Hey Julian, any interest in using Accelerate Framework on the mac? I’ll probably patch it myself at some point and see what improvements it makes…
[code]
void FloatFunctions::clear(float input,int blockCount)
{
#if JUCE_MAC
vDSP_vclr(input,1,blockCount);
#else
memset(input,0,blockCountsizeof(float));
#endif
}
void FloatFunctions::copy(float *input,float output,int blockCount)
{
#if JUCE_MAC
vDSP_mmov(input,output,blockCount,1,blockCount,blockCount);
#else
memcpy(output,input,blockCountsizeof(float));
#endif
}
void FloatFunctions::sum(float *input1, float *input2, float *dest, int blockCount)
{
#if JUCE_MAC
vDSP_vadd(input1,1,input2,1,dest,1,blockCount);
etc[/code]
I’ve been playing around with the AudioProcessor class and have made an AudioReader that works with that.

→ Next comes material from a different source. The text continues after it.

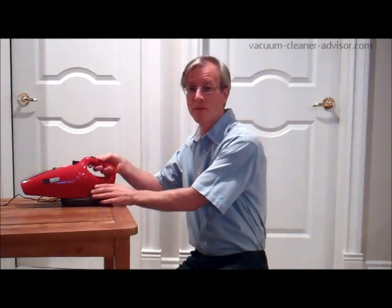Hi. Today, Vacuum Cleaner Advisor is going to take a quick look at the Dirt Devil AccuCharge handheld vacuum. We bought this vacuum at Amazon for about 44 US dollars.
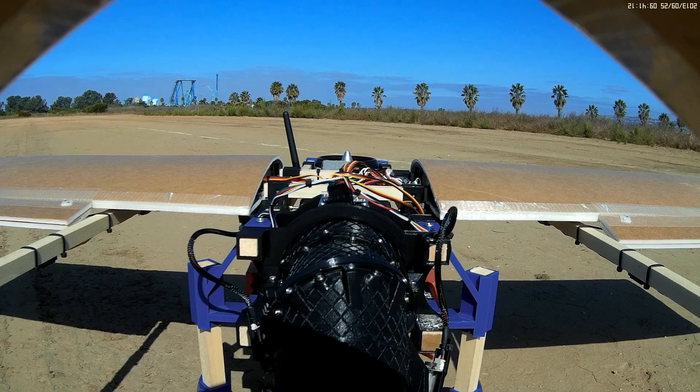I did go and print a new part and fit it on the 3BSM. So let's take a look at some flight footage and see how it did in the air.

Now I was going to make a sample rate converter class(also as an AudioProcessor), but as the ProcessorGraph seems to process blocks of data(as opposed to pulling data through the processor objects) i’m stuck thinking i’ll need to make my samplerate converter hold the AudioReaderProcessor itself, and throw that object(only that object) into the graph. (So that when the graph asks for 512 samples, but I need to pull 1078 samples from the soundfile buffer to samplerate convert down to 512, that this is possible)

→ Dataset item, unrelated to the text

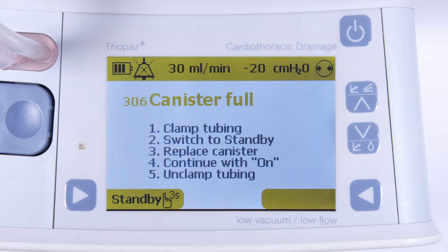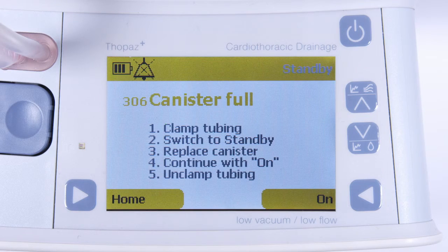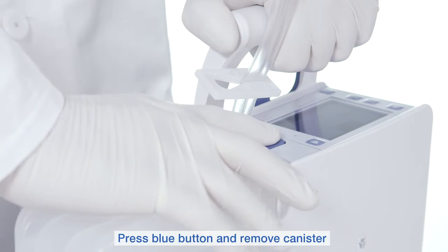Put Topaz Plus in standby mode by holding down the standby button for 3 seconds. Press the blue button and remove the canister.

The other option would be to add “node’s” to an AudioProcessor subclass that would call through to connected processors to acquire data. (Sort of the AudioUnit approach) (You put a sample rate converter, a mixer into a graph, connect the nods of the audio units, tell the graph to start, it renders the top object who asks its connected audiounit for data, who asks its connected audio for data, and so on, and so…so the last item on the chain is the provider, and he’ll be asked to satisfy the frames needed to keep everyone above him happy)
Does either of this sound like the right approach? (I’m leaning towards the second approach, but that would pooch me if you came up with cool AudioProcessors, as I’d only be able to chain up node’s from MY derivative class!) (I hope I explained all that ok!)